WASHINGTON, Dec. 19 (UPI) -- The Taliban in Afghanistan in the past year were unable to take back any territory they lost, U.S. Defense Secretary Leon Panetta said.
"We now have a plan in place, a campaign plan, endorsed in Chicago by NATO, that has strong international support," Panetta, who recently returned from Afghanistan, said while speaking at the National Press Club in Washington.
"We've reversed a five-year trend of growing violence. The Taliban to this day [have] not been able over this last year to regain any of the territory they lost."
Panetta said Afghan security forces, trained by coalition forces, are on track to take the lead in securing their entire country next year as the coalition forces continue to transition both governance and security to the Afghans. U.S. and NATO forces are scheduled to end all their combat operations by the end of 2014.
Panetta said 75 percent of the Afghan population has now been transitioned to Afghan security and control, and that figure will reach 100 percent next year.

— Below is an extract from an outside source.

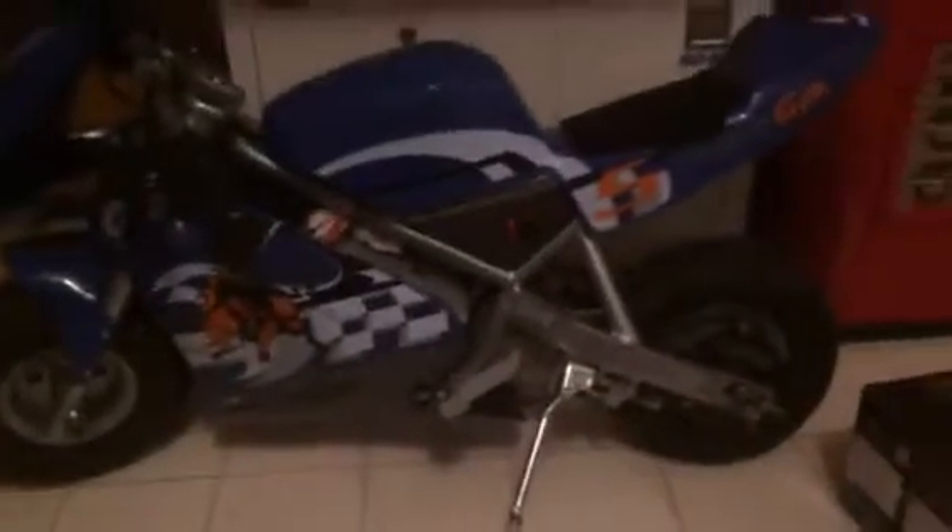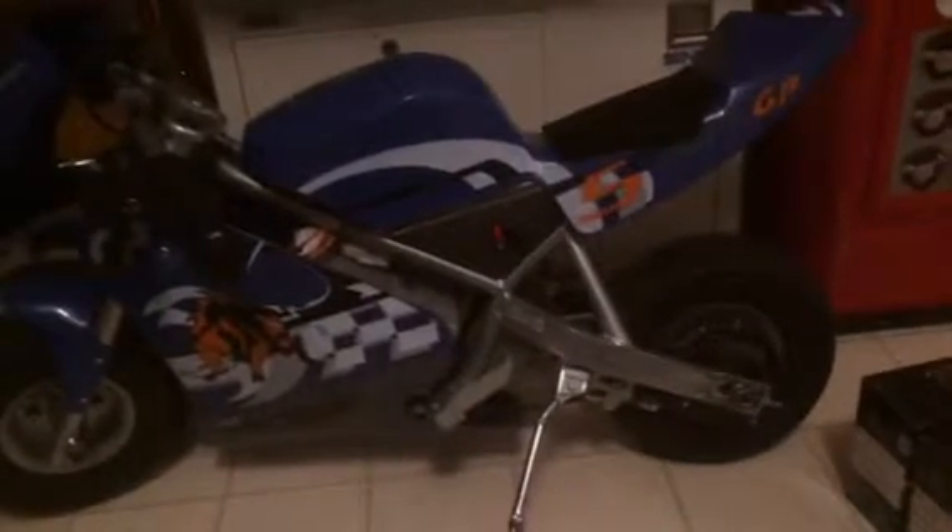Here's my Razor Pocket Rocket pickup — it's clean, $20 at the flea market. It's got a weird battery in it, I have a brand new set of batteries ready for this. It still has all the stickers on it, amazing shape.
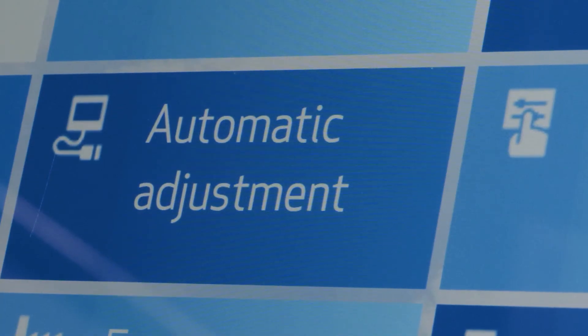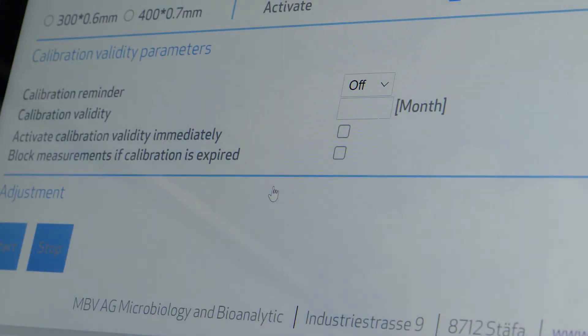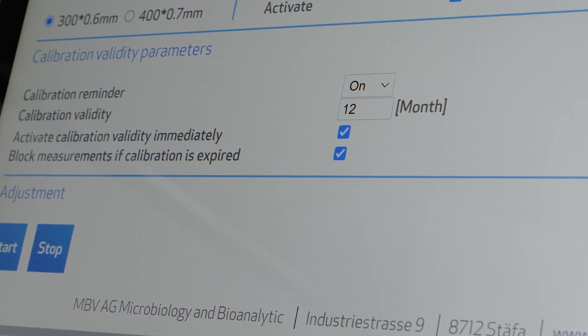The calibration reminder counts down and reminds you of timely recalibration. In the configuration, you can even choose to block the instrument once the calibration reminder has expired. This prevents using the air sampler in a non-compliant way.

"But we've also made clear that our commitment to Afghanistan, as we draw down by the end of 2014, our commitment will continue," Panetta said. "We are transitioning; we are not leaving. We will maintain an enduring presence aimed at supporting Afghan forces and ensuring the mission that we were embarked on in Afghanistan, the mission that al-Qaida never again regains Afghanistan as a safe haven from which to attack the United States or our allies."

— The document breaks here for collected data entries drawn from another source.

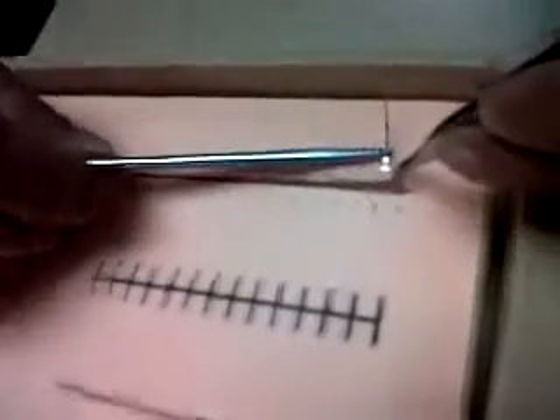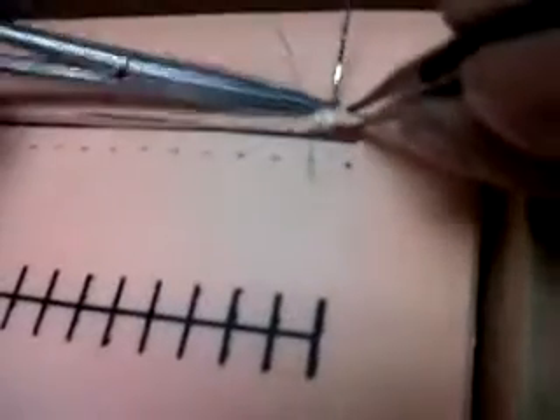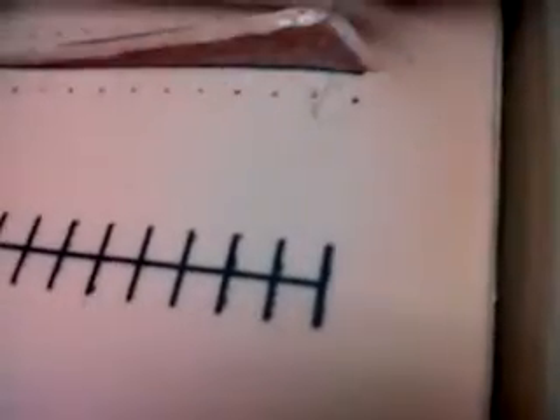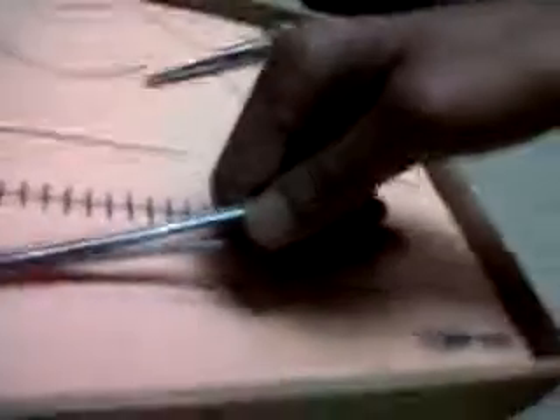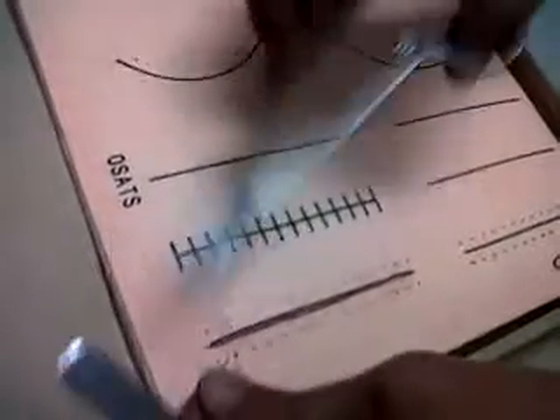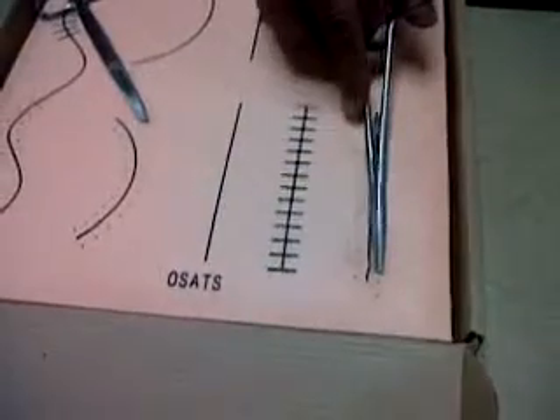Now we have to go very precisely at the dermal-epidermal junction — this is the dermal-epidermal junction. From this side and the same thing from the other side also. You pick up this end and again at the dermal-epidermal junction — push and take it out. What we have achieved is union of the epidermis to the epidermis and the dermis to the dermis.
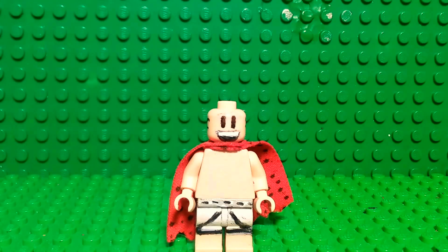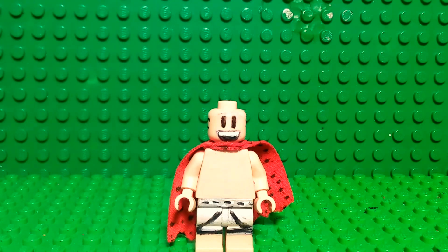Hey guys, it's me here today, Pajama Sam. What is up? I'm going to be showing you my Lego Captain Underpants from the books by Dave Pilkey — Captain Underpants.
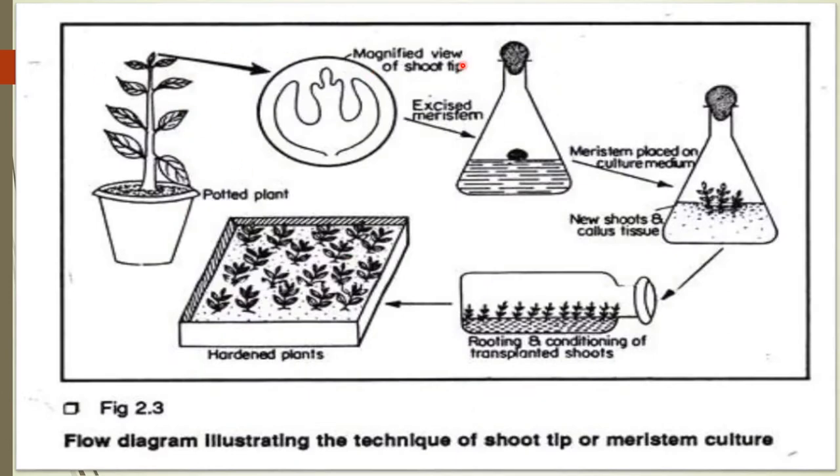Wash with sterilized distilled water thoroughly three to four times. Place the shoot tip on sterilized filter paper, hold the stem firmly with forceps, and remove the young leaves with a needle. Remove the underlying leaf primordia gradually — remove up to the third and fourth leaf primordia, keeping the first and second leaf primordia intact.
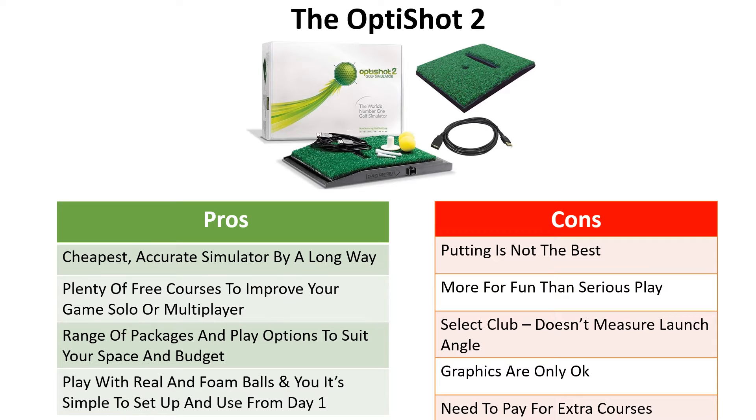The Opti Shot 2 has been known as the cheapest accurate simulator by a long way, giving you a real golf experience because you're swinging a real club and hitting a real ball. But the R10 has now come along to challenge it in a big way. You get plenty of free courses, play online or solo at home, with a range of packages to suit your budget and space. It's simple and easy to use from day one. However, it's more for fun than serious play — if you select the driver and swing a pitching wedge, it gives you driver distance with that club speed. It doesn't measure launch angle, so it's just estimating loft, and the graphics are only okay. You need to pay for extra courses.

He said during his latest trip to Afghanistan, he met with all military commanders and all of them "believe that we have fundamentally turned the tide in that effort, after years in which we lacked the right strategy and the necessary resources to try to achieve the mission we are embarked on."

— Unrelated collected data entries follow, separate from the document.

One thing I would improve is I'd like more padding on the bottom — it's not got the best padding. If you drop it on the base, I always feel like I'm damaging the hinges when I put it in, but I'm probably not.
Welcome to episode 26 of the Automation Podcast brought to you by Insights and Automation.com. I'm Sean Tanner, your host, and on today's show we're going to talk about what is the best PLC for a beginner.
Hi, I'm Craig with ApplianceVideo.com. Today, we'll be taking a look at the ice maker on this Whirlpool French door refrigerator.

Panetta said after 10 years of continuous warfare, the United States is truly at a critical point as large-scale conflicts in Iraq and Afghanistan wind down.
"An era of blank-check defense spending is over, and forces will be reduced. And all of this occurs as the United States faces an array of asymmetric threats in the world," he warned, adding threats to U.S. security and its global interests are not receding.
"This means that the military services must remain vigilant, they must remain strong, they must remain prepared to operate in a way that differs significantly from the past."